_Work order:_ When you reach the line below that has "Birthday song with name icône", start returning lines exactly, and stop after the line that has "Solar Recharge -- BLLR-EN045"; skip the pictures.

_Input:_
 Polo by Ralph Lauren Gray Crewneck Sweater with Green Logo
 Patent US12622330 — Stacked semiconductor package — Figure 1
---
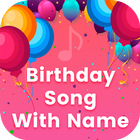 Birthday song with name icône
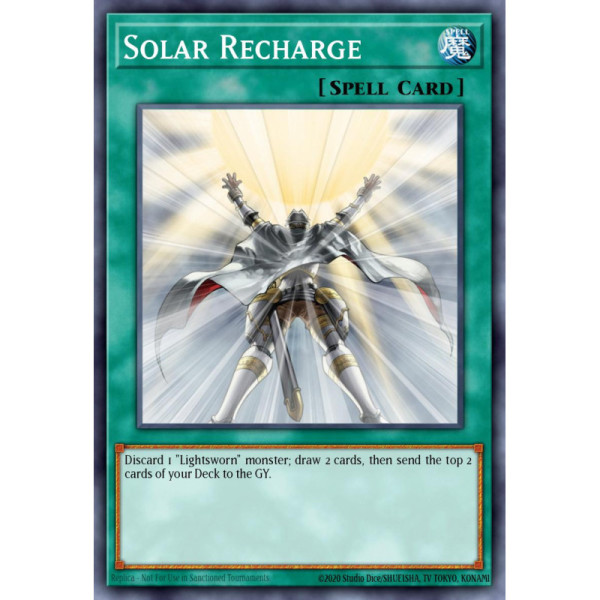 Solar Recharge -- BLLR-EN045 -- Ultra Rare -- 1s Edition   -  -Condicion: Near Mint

_Response to the task:_
 Birthday song with name icône
 Solar Recharge -- BLLR-EN045 -- Ultra Rare -- 1s Edition   -  -Condicion: Near Mint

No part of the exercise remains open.